Court of Appeal of Quebec

R. c. Gagnon

Hamilton, Beaupré, Hardy

 

Appeal from sentence. Allowed.

The appellant appeals from a judgment of the Court of Québec sentencing the respondent to a total conditional prison term of 18 months, followed by 24 months’ probation, for offences of harassment and assault committed against his spouse while they shared a community of life and harassment of his former spouse and her new partner six years after the breakup.

The trial judge made two errors in principle that had an impact on the sentence in failing to correctly assess the risk that sentencing the respondent to a conditional sentence represented for the community. First, the judge unreasonably limited the scope of the [translation] “community” in question in finding that because the respondent had committed the offences against his spouse in a domestic context, the community was not concerned. The community’s safety, however, is not just about the community as a whole, but can also be about just one person. The judge thus altered the applicable test.

Second, the judge did not assess the respondent’s risk of re-offending or, at least, omitted to give enough weight to an accumulation of relevant factors. Even if the Court were to find that the judge had taken certain factors into account to assess the respondent’s risk of re-offending, which the Court does not, these factors in no way counterbalance the other unfavourable and decisive factors, including the long period over which the offences occurred, the respondent’s criminal record for similar offences, the circumstances of the harassment he inflicted on his former spouse and her new partner six years after the separation, his lack of insight, and the fact that he remained in custody during his trial.  Moreover, had the judge found that there was even a minimal risk of re-offending, she did not analyze the gravity of the harm likely to arise from a repeat offence.

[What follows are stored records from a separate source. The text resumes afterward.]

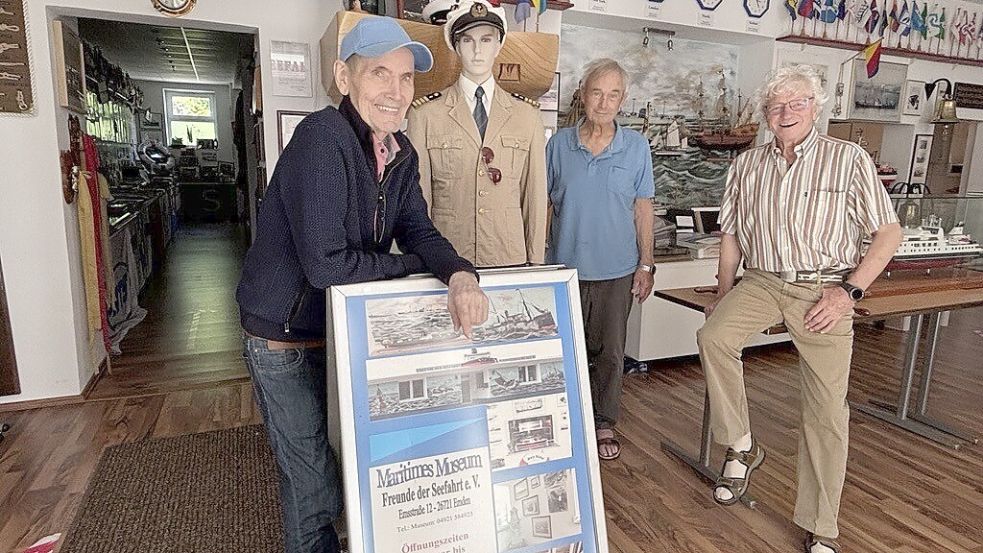 Ernst Richter (von links) hat die Freunde der Seefahrt begründet, Johann Aberts und Helmut Kindermann begleiteten ihn von Anfang an. Foto: Melanie Hanz
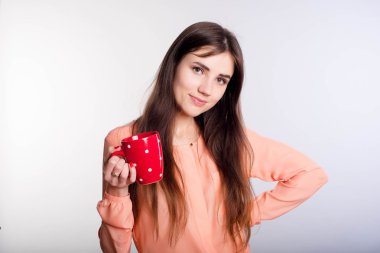 Kırmızı Kupası olan kadın 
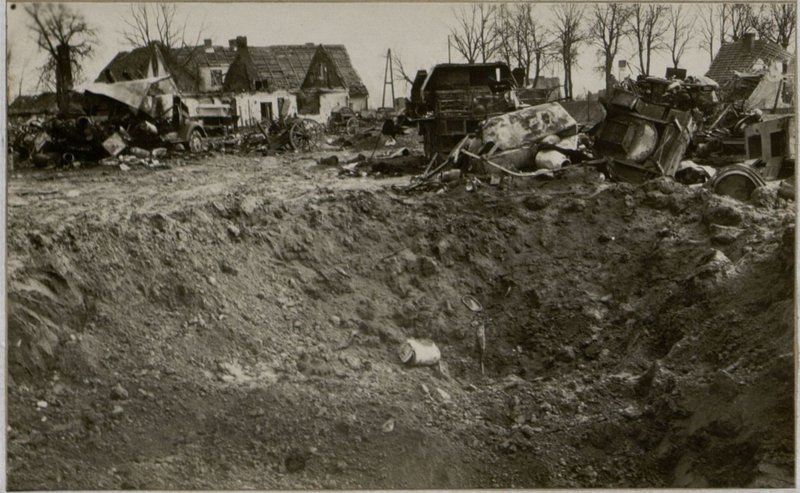 Фотография: Воронка бомбы ФАБ-500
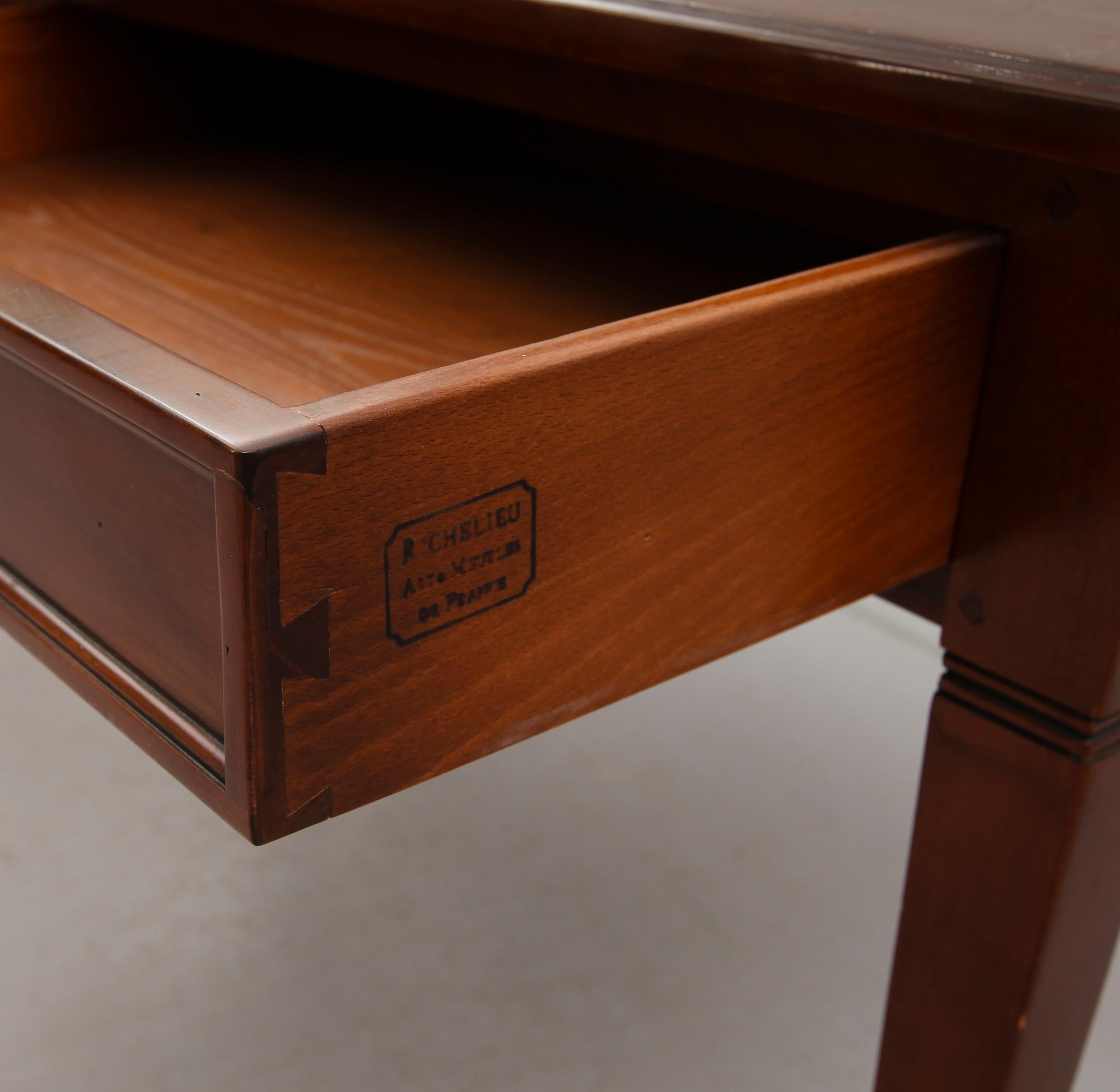 SKRIVBORD, gustaviansk stil, 1900-talets andra hälft.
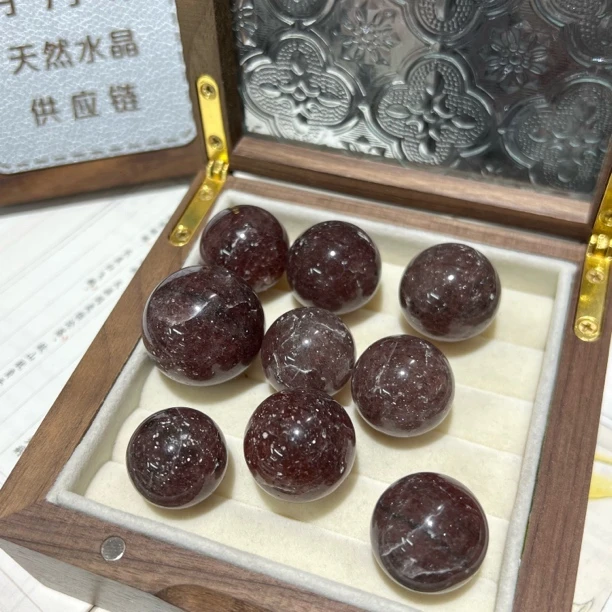 【月月家】J013天然水晶 草莓晶球摆件20-28mm多样性发其一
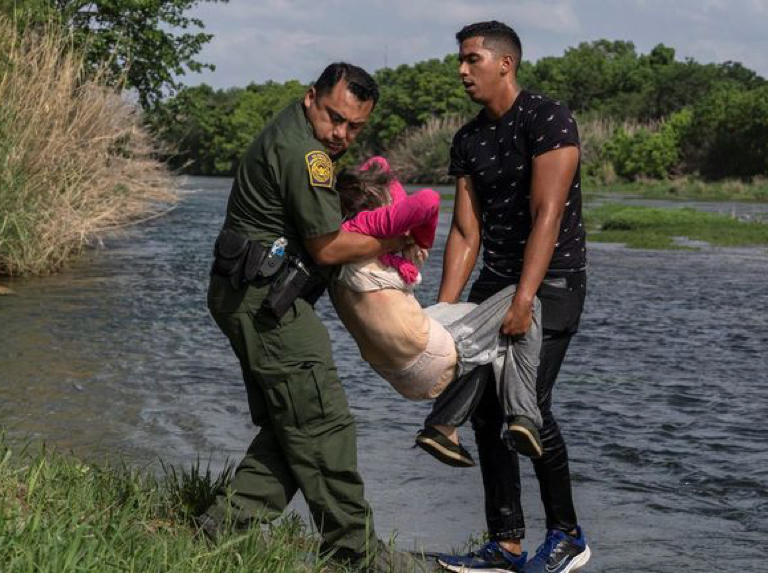 México: Un migrante y su hijo mueren intentando cruzar la frontera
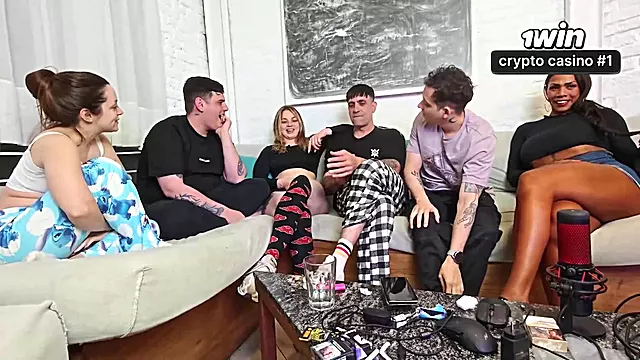 friends' game night turns into fledgling fuckfest - hottest XXX!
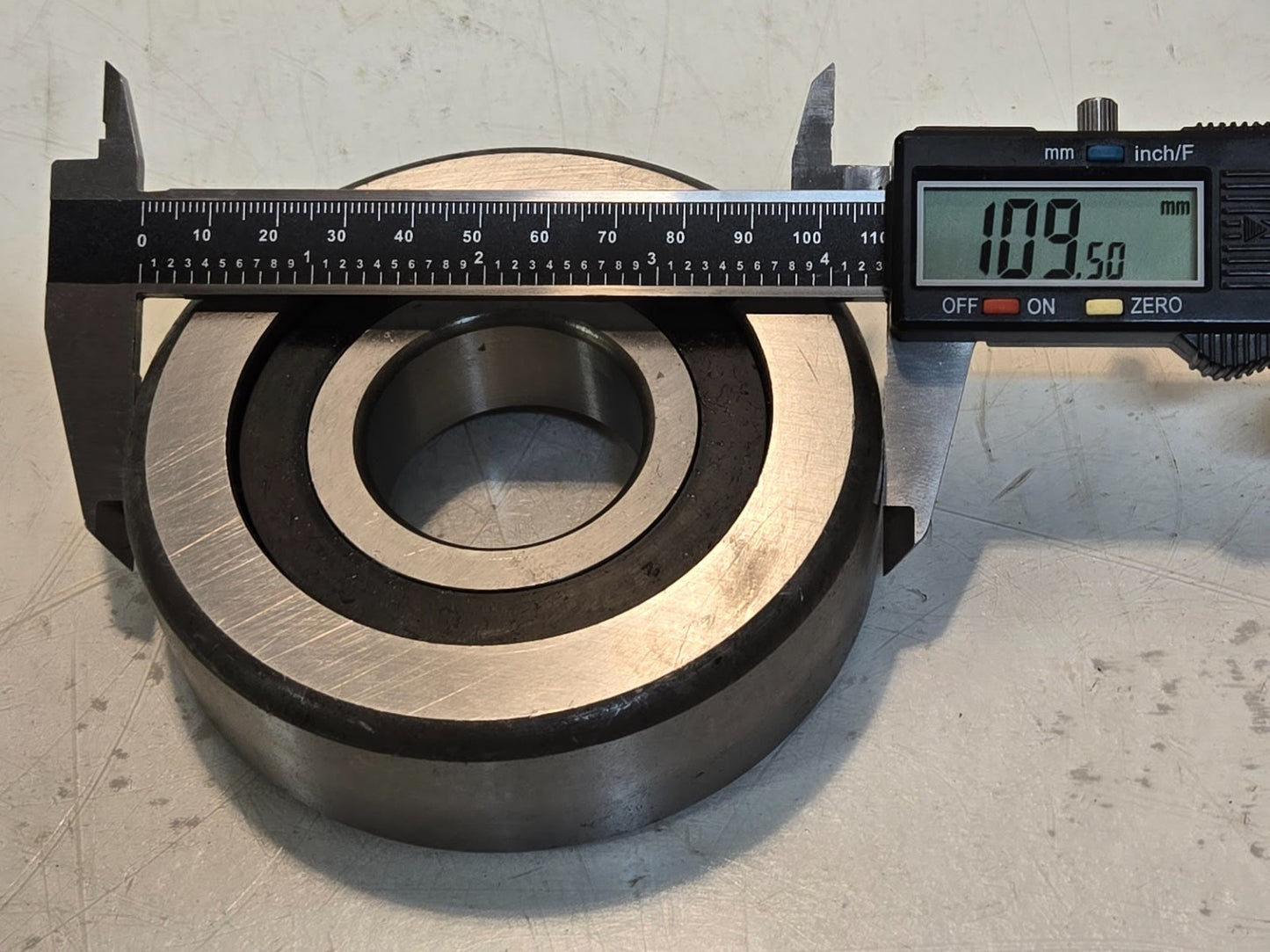 SX Mast Bearing D581815 for Forklift | 109.5 mm OD x 40 mm Bore x 31 mm Thick
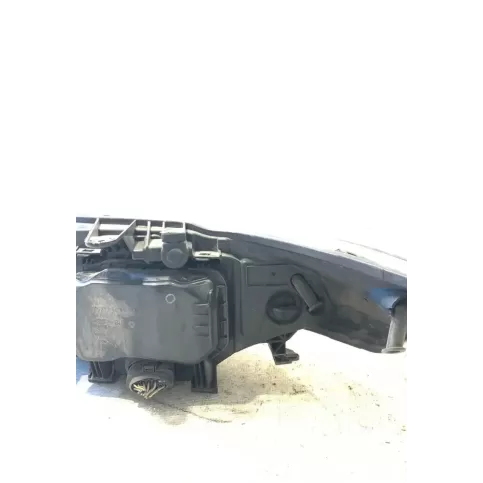 1136477 фара передняя Ford Mondeo MK IV 2013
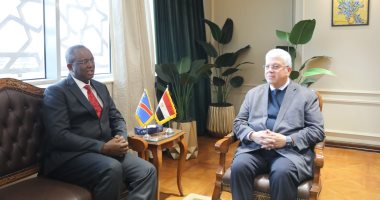 وزير التعليم العالى يستقبل سفير الكونغو الديمقراطية لبحث التعاون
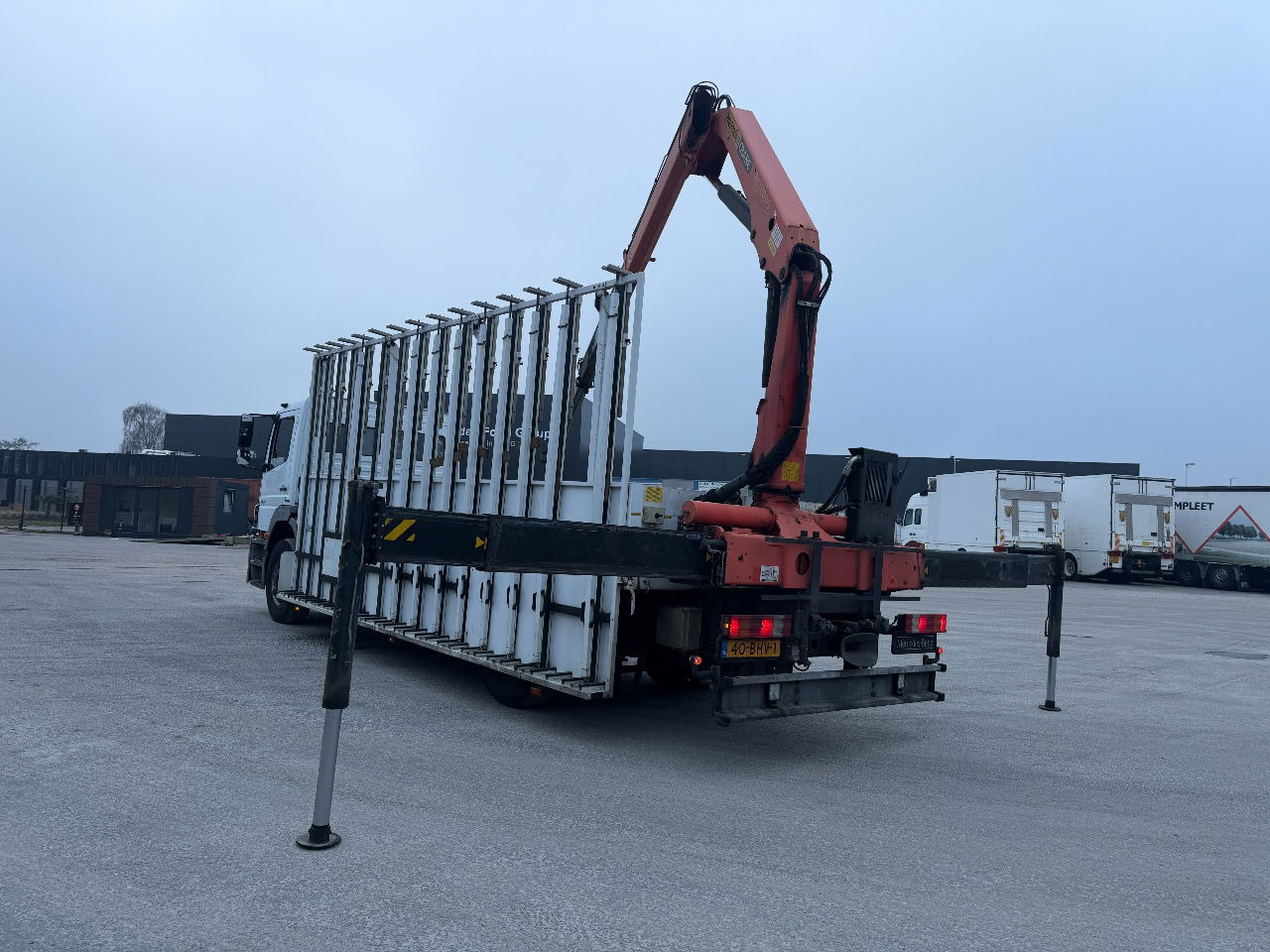 Mercedes-Benz Axor 1833 met Palfinger PK12000 kraan, Remote controle - Crane truck: picture 5 Mercedes-Benz Axor 1833 met Palfinger PK12000 kraan, Remote controle - Crane truck: picture 5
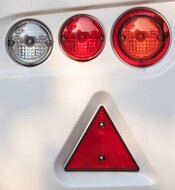 133 x 152 mm driehoek reflector met e11 keurmerk - waarschuwingsdriehoek - reflectordriehoek met boutgaten 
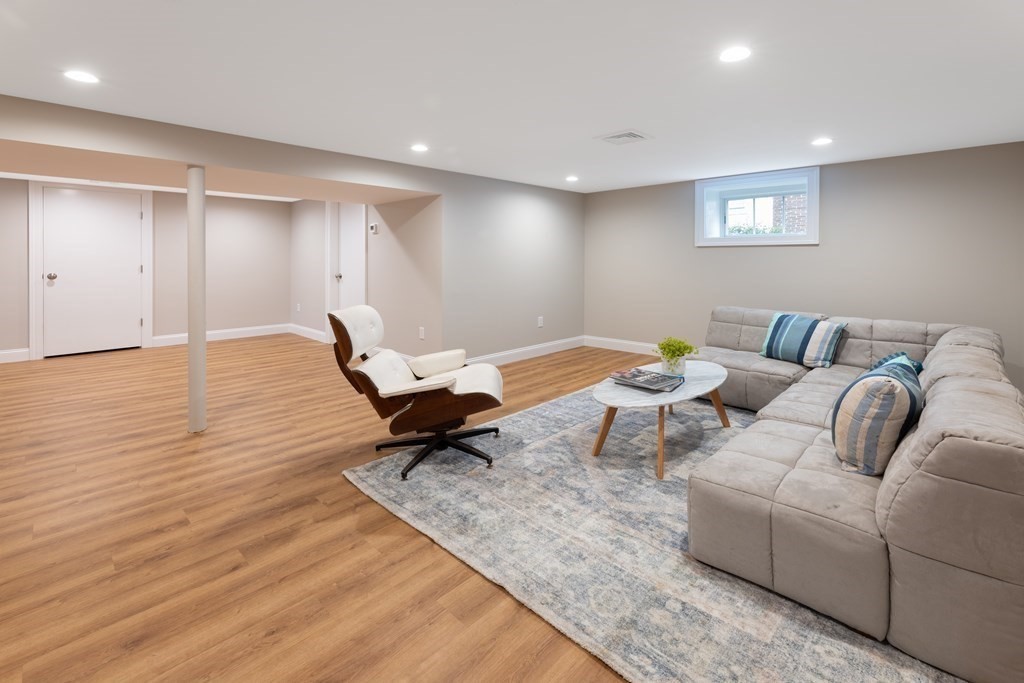 84 Bonad Road Brookline, MA 02467 - Photo 15 of 17 Gallery Image 15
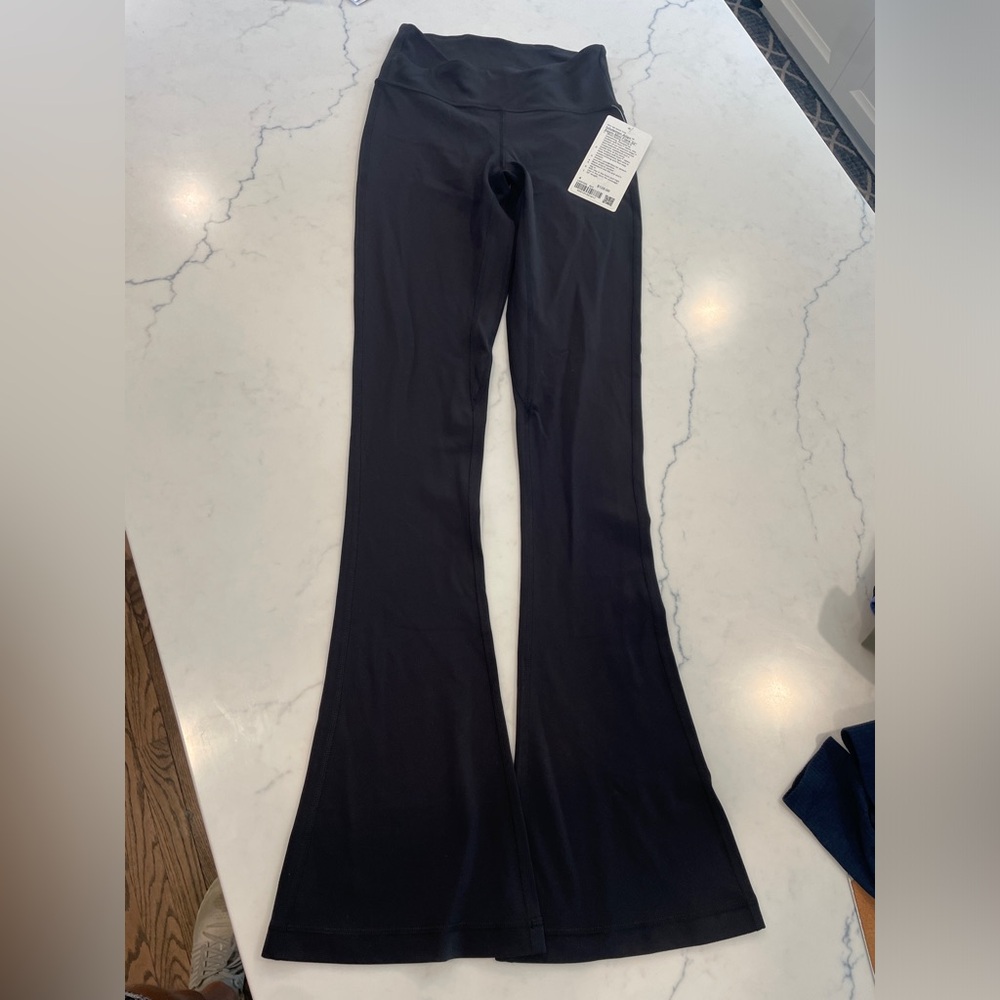 lululemon Align Asymmetrical-Waist Mini-Flare Pant 32" Black size 4 NWT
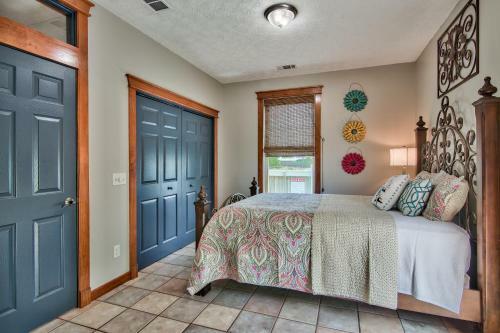 Beachcomber - Beachfront With Pool And Hot Tub - On The Beach!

These errors justify the Court’s intervention. The judge committed an error in principle when she characterized the subjective gravity and the respondent’s moral blameworthiness as [translation] “moderate” indiscriminately to each of the offence-related acts. The respondent’s degree of moral blameworthiness with respect to the assaults, including those involving punching the victim’s stomach while she was pregnant and trying to strangle her, is high, particularly since they occurred over a long period punctuated by other acts of physical violence.

Furthermore, the Court must take into account the context of domestic and post-domestic violence and the importance of the objectives of deterrence and denunciation in such matters, in conjunction with the considerations associated with the vulnerability of female victims of domestic violence. These considerations are of particular importance when the assaults are committed against a pregnant woman.

In this case, a total prison term of 18 months, that is, 12 months for the assaults; 9 months, to be served concurrently,  for the criminal harassment during the community of life; and 6  months, to be served consecutively, for the harassment after the separation, constitutes a just and appropriate sentence. The 10‑month conditional sentence the respondent has left to serve should therefore be replaced by a sentence of 9 months’ imprisonment, which, after taking into account the days of pre‑sentencing custody served by the respondent, is adjusted to 6 months.